Birth of writer Dorothy Parker
The always witty, sometimes vicious writer Dorothy Parker was born on this day in 1893, to a Jewish father and Scottish mother. An outsider as a child, she developed an irreverent sense of humor early in life. She left school at age 14 to care for her ill father, who died in 1913. Four years later, she married a prosperous stockbroker from Hartford. The ten-year marriage was miserable from the start.

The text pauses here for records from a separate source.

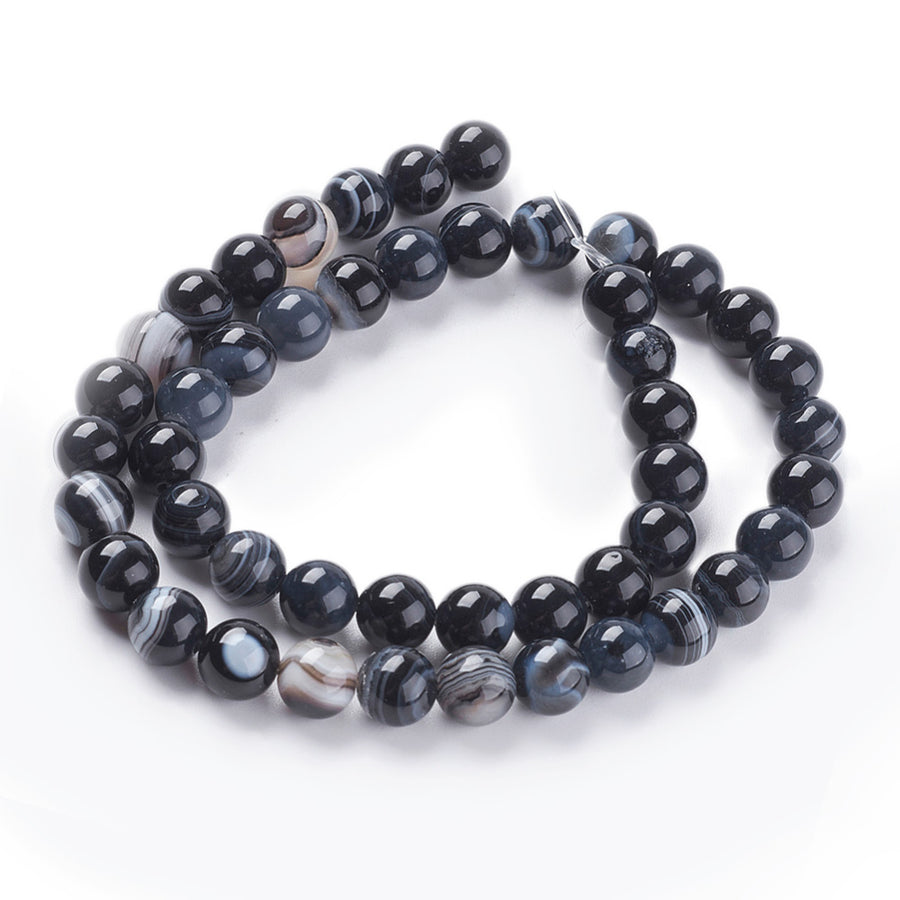 Black Striped Agate Beads, Round, Dyed, Black Agate.  Semi-Precious Gemstone Beads for Jewelry Making. Great for Stretch Bracelets and Necklaces.  Size: 8mm Diameter, Hole: 1mm; approx. 46pcs/strand, 14" Inches Long.  Material:  Striped Banded Agate Loose Beads Dyed Black Color. Polished, Shinny Finish.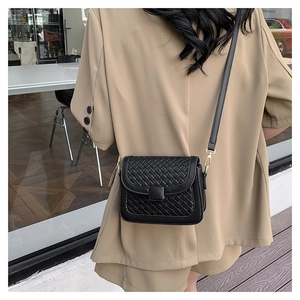 Detail of black woven texture crossbody bag shown on a model with golden metal hardware
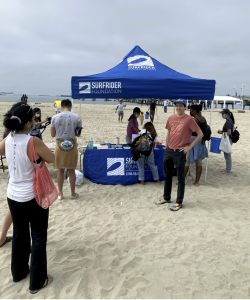 Surfrider Easy up tent on the beach and people standing around it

When her new husband went off to war, she got a job at Vanity Fair; within a year, she succeeded P.G. Wodehouse as the magazine’s drama critic. After her caustic reviews forced her departure from Vanity Fair, her life swung from one extreme to another, from suicide attempts and divorce to the glory days at the center of the Algonquin Round Table, a gathering of wits from the worlds of publishing, writing, and entertainment.
Success as a published poet did not soften her edges, as her poem “Resumé” illustrates:
Razors pain you;
Rivers are damp;
Acids stain you;
And drugs cause cramp.
Guns aren't lawful;
Nooses give;
Gas smells awful;
You might as well live.
As Daniel Itzkovitz writes in his biography, “Through her worst years, [she] maintained a tough-talking and hard-drinking public exterior, scoffing at her own misery with blasé humor.”
Short stories and screenplays (including the original film of A Star Is Born) followed, as well as a second marriage with multiple breakups and reconciliations. Though she said that she was ”just a little Jewish girl trying to be cute,” Dorothy Parker’s was a brilliant chronicler of her times and ranks among the great American literary talents of the 20th century.